I'm praying for the end of time
It's all that I can do
Praying for the end of time,
So I can end my time with you.

This happened at every social gathering, rain or shine. Now, I have always liked theatrics, but I shy away from histrionics. This album is a painful, grating, extremely histrionic brand of theatricality. Instead of Elvis' pleading and passionate "I want you, I need you, I love you" you get the oh so subversive "I want you, I need you, But there ain't no way I'm ever gonna love you. Now don't be sad, 'cause two out of three ain't bad." Yes it is! It's horrible, trite, weak and plodding! (that's four for four!) Oh so original, oh so brilliant, oh did Jim Steinman write the book for that witty pox on the theater, Urinetown?(Apparently, Shitsville and Skank Hollow were already taken as titles of that inspired bit of Satire.)

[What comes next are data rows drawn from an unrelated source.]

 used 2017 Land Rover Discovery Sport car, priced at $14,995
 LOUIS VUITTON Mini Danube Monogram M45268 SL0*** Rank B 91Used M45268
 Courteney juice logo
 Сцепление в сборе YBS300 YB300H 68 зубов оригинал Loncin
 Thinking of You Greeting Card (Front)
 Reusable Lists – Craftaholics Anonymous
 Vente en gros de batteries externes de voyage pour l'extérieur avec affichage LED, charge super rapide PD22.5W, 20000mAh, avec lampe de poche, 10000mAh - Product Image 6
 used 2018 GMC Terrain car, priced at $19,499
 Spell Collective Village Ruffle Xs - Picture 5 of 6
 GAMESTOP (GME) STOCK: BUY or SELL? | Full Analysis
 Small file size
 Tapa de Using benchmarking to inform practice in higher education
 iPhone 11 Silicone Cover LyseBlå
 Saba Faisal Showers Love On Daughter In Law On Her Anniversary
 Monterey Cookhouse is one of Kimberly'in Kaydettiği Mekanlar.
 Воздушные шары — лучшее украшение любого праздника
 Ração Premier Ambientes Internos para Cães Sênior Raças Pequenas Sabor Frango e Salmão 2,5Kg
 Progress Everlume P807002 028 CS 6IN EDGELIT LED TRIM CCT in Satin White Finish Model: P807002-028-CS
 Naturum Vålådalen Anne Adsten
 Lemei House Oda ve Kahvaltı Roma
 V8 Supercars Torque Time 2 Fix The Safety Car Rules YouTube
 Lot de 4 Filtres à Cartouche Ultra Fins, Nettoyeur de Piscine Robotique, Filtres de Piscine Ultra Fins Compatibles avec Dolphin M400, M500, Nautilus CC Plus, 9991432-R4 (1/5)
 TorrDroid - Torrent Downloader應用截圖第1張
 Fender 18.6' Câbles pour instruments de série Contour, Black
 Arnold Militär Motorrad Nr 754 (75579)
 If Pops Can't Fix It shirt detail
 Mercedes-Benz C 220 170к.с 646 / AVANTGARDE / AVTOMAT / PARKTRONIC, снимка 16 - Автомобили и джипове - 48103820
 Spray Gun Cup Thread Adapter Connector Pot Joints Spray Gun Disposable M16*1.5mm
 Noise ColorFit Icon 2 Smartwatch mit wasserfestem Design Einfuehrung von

There is some justice in the world, and that justice was served by me, asshole that I am. This is, sadly enough, a very proud and haughty moment in my personal history that I am now sharing with you all. Let me set the stage, so to speak. In high school, after some knee injuries and the realization that I was not gifted with great athletic prowess, I joined up with the Drama Club (Honest moment - there were a few girls I found attractive that were in the club, so there were ulterior motives). Alas, the Drama Club also came with the aforementioned "Meat Loaf Moments." So, for three years I endured The Loaf stoically, at every post performance party or set building afternoon. That ended my senior year, when I had some power over the younger whelps who had run afoul of our cursed crew.

It was a Saturday afternoon, and music was playing as we constructed the sets. I had been trying to influence the group through mixed tapes, with songs by Jane's Addiction, Iggy Pop, The Time, The Cure, Mudhoney and whatever other favorites I had at the time (does anyone still have a copy of my "Ill met by Moonlight..." mix?). However, mixed tapes were only good for a few hours at most, and then people would tire and want to play "their own music." So we would listen to Billy Jo-el (Kal-el's hillbilly cousin), Simon & Garfunkel, Bad Company, and, inevitably, Meat Loaf. These "other people" didn't understand my loathing, or to what lengths I would go to stop BOOH. The mistake they made was the compact disc. Unlike a tape, with enough effort and vibration a CD will skip like a motherfucker. So, in my infinite petty wisdom, I chose to jump up and down, near the CD player, and the vibrations from my then 220 lb. frame sent the CD into a tizzy. I didn't stop jumping until the CD just stopped playing altogether. They begged and pleaded, and in my madness, I said, "If you insist on playing Meat Loaf, I will insist on jumping and causing it to skip each and every time. There is no compromise." Which immediately caused a girl to cry, with great rivulets of tears and snot-filled sobs. This caused multiple young women to leave the room, crying and comforting each other. I was so proud of the pain I caused them, and I am still glad, and it brings a smile to my face to this day.

I hate Bat Out Of Hell. I truly, truly do.